*** Block opens ***

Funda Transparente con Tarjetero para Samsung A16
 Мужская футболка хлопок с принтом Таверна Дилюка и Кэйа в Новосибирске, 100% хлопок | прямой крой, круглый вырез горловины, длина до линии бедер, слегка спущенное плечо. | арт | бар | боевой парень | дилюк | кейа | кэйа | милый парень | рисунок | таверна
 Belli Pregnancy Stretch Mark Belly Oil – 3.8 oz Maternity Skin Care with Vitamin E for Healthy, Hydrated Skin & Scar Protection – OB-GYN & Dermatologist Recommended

*** Block closes ***
*** Block opens ***

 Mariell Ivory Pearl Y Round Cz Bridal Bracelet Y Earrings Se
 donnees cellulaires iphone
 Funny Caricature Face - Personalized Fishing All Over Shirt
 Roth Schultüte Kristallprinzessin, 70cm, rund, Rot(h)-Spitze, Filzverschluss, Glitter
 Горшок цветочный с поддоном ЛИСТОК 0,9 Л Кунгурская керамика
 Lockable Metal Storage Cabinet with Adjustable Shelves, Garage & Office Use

*** Block closes ***
*** Block opens ***

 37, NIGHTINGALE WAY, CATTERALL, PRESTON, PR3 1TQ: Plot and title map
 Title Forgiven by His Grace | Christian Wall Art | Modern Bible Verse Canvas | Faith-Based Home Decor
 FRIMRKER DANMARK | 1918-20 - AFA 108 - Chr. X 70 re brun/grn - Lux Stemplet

*** Block closes ***

- Work required -
As listed above, the lines from the line with "donnees cellulaires iphone" to the line with "Lockable Metal Storage" are to be echoed exactly, with both ends included and nothing added.

- Response -
 donnees cellulaires iphone
 Funny Caricature Face - Personalized Fishing All Over Shirt
 Roth Schultüte Kristallprinzessin, 70cm, rund, Rot(h)-Spitze, Filzverschluss, Glitter
 Горшок цветочный с поддоном ЛИСТОК 0,9 Л Кунгурская керамика
 Lockable Metal Storage Cabinet with Adjustable Shelves, Garage & Office Use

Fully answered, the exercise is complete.